The Cardano Foundation's coin ADA, hit its all-time high of $0.97 on Feb. 12, having started the year trading at $0.18, thus entailing 438% gains year to date. Apart from the macro trends in the cryptocurrency industry driving up the price of flagship assets, such as Bitcoin (BTC) and Ether (ETH) translating to other altcoins, such as LINK, DOT, etc., Cardano’s growth could also be attributed to the network updates that Cardano has been running on its blockchain network.

On Feb. 3, Cardano’s development firm Input Output Hong Kong successfully conducted a hard fork and also applied the Goguen native token upgrade, known as the Mary upgrade, to Cardano’s testnet, which transforms the blockchain into a multi-asset network similar to Ethereum.

The team expects to have launched the mainnet by the end of February. The other features of the Goguen update will roll out simultaneously in accordance with the different phases of the Cardano roadmap.
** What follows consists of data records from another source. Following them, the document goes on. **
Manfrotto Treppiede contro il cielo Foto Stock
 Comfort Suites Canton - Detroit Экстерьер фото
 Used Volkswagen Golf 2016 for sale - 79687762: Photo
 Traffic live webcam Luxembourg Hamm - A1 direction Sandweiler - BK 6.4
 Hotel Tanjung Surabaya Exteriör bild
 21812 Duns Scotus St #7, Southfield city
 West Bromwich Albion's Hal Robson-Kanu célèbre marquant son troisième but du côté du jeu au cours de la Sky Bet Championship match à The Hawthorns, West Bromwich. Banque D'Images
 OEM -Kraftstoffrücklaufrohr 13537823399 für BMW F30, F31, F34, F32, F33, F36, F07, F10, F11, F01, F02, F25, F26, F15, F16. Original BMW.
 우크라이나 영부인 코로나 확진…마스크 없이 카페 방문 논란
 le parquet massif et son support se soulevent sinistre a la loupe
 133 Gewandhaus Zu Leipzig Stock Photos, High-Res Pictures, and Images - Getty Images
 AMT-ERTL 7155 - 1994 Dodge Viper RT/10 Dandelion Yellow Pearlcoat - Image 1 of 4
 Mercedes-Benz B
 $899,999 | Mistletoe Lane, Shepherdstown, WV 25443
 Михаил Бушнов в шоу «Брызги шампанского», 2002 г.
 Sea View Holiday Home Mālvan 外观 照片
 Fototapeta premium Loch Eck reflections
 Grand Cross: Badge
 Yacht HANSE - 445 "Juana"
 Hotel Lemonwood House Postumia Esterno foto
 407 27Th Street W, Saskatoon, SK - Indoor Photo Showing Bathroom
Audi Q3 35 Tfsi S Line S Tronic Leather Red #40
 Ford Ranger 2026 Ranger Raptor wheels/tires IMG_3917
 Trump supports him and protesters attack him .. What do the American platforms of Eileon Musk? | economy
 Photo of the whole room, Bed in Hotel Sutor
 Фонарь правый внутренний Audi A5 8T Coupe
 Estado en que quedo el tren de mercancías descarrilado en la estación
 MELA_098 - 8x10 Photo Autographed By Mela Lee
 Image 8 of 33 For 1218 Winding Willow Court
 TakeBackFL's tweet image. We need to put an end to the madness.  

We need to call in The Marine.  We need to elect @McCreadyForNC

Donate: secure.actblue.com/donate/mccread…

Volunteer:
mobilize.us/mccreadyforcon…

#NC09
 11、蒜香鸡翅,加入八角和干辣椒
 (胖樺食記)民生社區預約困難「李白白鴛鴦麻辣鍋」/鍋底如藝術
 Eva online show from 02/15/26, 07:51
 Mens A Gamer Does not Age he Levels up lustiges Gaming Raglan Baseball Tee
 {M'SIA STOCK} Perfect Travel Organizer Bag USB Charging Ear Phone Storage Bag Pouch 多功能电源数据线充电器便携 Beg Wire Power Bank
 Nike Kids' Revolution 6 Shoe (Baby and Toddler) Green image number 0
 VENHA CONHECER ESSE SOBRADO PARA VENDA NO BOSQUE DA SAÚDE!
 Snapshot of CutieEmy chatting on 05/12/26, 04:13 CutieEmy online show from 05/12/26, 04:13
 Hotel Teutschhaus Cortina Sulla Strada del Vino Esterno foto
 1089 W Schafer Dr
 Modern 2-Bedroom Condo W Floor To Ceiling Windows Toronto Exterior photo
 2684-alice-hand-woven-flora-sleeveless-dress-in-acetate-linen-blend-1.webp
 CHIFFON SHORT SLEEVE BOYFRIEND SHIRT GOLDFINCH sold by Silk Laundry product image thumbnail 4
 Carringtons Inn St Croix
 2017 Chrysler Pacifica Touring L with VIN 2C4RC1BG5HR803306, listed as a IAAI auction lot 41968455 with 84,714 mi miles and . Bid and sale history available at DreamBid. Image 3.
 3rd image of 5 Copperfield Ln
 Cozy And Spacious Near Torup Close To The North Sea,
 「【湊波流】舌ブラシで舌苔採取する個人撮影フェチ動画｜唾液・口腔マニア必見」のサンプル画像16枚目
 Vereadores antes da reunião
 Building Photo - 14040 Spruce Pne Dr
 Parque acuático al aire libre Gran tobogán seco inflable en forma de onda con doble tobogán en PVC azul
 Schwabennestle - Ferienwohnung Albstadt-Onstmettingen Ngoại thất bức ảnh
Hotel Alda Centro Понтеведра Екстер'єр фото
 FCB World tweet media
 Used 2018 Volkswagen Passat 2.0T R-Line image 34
In terms of functionality, this upgrade would equate Cardano’s native tokens to ERC-20 fungible and ERC-721 nonfungible tokens on Ethereum. For the first time, users on the Cardano blockchain will be able to create their own tokens, be it fungible tokens or NFTs. In addition to these similarities with the Ethereum blockchain, there are design differences between Cardano’s native tokens when compared to Ethereum tokens.

Cardano’s token design difference is a USP?

The first major difference following the upgrade is that there will be “no execution fees,” which are usually charged to a user when interacting with a token smart contract on the Ethereum blockchain, known as gas fees.

The recent bull runs witnessed in Ether and other Ethereum blockchain tokens have led to extremely high gas fees due to network congestion, thus discouraging retail investors from getting involved. Hinrich Pfeifer, general secretary of the Cardano Foundation, discussed with Cointelegraph how Cardano’s native tokens would differ in this aspect: “Native tokens on Cardano are ‘forged’ on-chain with no need for a smart contract, and therefore, no execution fee is required to transact native tokens on Cardano.” He added further:

“Instead, sending tokens requires a nominal fee (called the ‘min-ada-value’), payable in ADA, to be sent alongside the tokens. You may also bundle multiple native tokens together and send them together in one transaction (this raises the ‘min-ADA-value’). However, this fee does not depend on network congestion, or rely on smart contract execution.”

Not needing smart contracts to forge tokens would lead to other advantages because there would be no room for fraud perpetrators to exploit smart contract vulnerabilities, human error and other risks associated with smart contracts — something which Ethereum co-founder Vitalik Buterin warned the community against last year.

Pfeifer further elaborated on how “the opportunity to siphon funds through a smart contract exploit is eliminated” on the Cardano blockchain: “User-defined native tokens on Cardano use the same underlying token logic as the Cardano blockchain itself. Cardano’s scripting language does not have fixed-size integers, and the ledger itself tracks token movements and handles the token logic.”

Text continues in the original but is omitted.